Your task: When the line with "Alfombra para Silla" turns up below, begin repeating exactly, and carry on through the line with "Detail Contoh Price List Makanan Nomer 12"; no pictures go into the copy.

Input records:
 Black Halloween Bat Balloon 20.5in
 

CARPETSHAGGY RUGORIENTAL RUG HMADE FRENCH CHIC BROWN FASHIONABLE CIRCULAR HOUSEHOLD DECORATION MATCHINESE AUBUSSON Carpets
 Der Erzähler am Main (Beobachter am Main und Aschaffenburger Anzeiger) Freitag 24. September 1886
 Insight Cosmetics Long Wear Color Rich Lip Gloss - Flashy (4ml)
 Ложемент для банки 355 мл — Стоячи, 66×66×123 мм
...
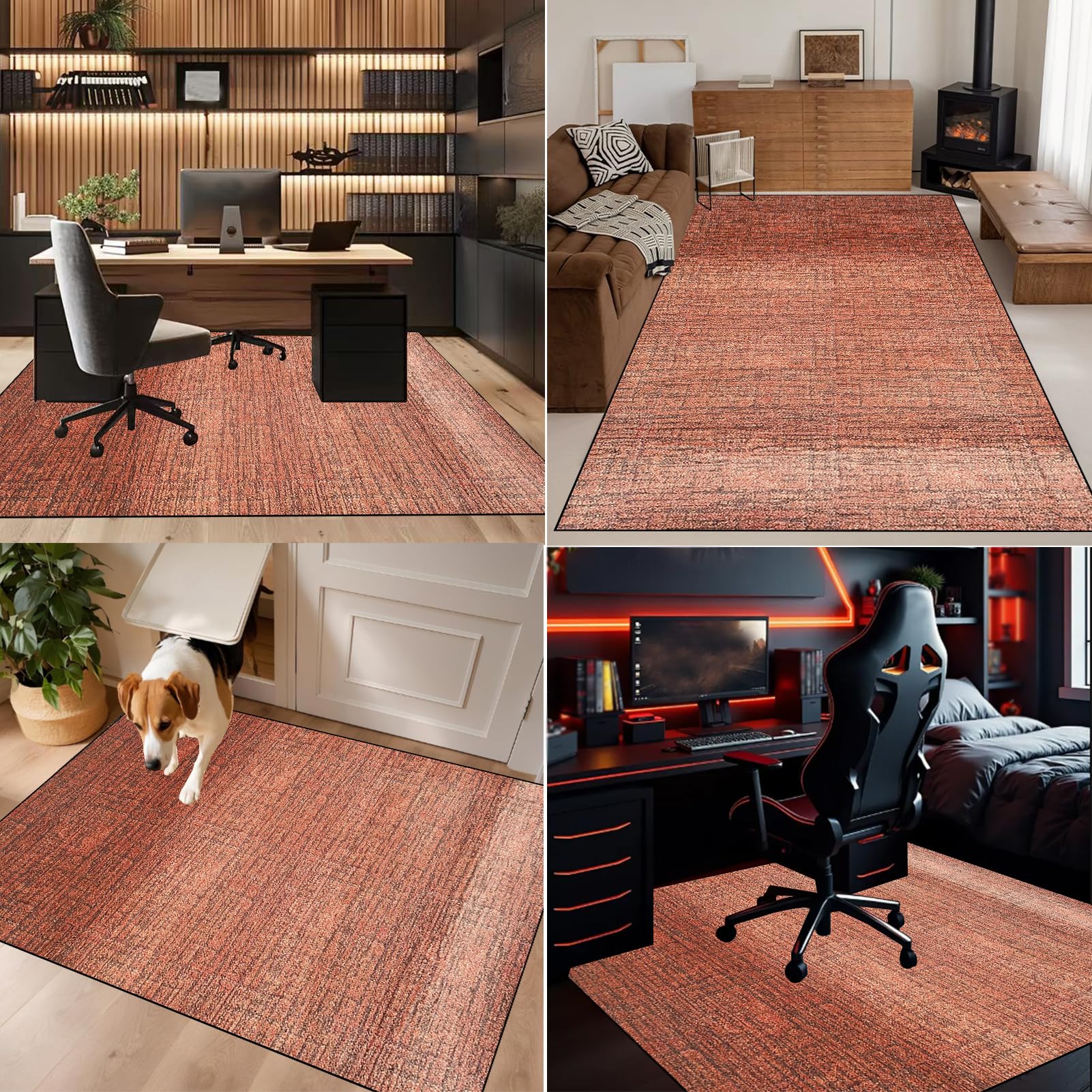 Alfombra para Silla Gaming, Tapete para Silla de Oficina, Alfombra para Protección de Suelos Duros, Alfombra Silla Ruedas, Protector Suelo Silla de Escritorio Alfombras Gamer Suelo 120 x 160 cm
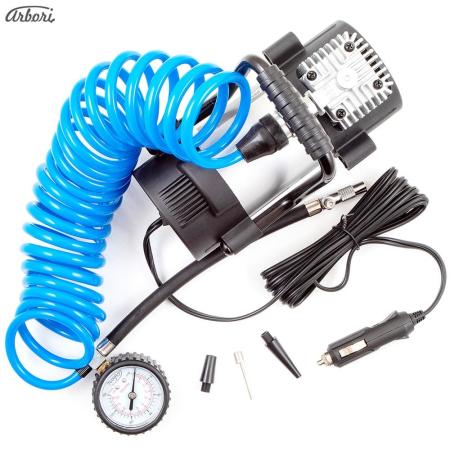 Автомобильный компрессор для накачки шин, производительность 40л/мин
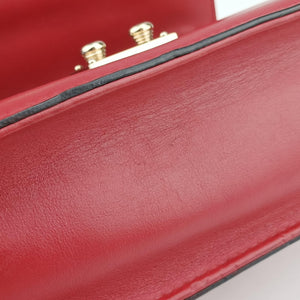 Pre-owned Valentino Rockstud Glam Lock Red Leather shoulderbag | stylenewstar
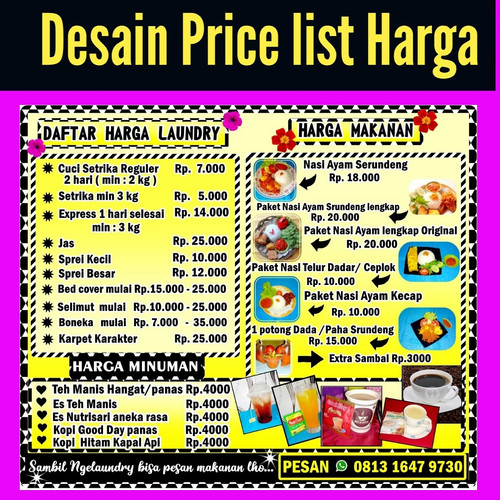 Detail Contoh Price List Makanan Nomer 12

Solution:
 Alfombra para Silla Gaming, Tapete para Silla de Oficina, Alfombra para Protección de Suelos Duros, Alfombra Silla Ruedas, Protector Suelo Silla de Escritorio Alfombras Gamer Suelo 120 x 160 cm
 Автомобильный компрессор для накачки шин, производительность 40л/мин
 Pre-owned Valentino Rockstud Glam Lock Red Leather shoulderbag | stylenewstar
 Detail Contoh Price List Makanan Nomer 12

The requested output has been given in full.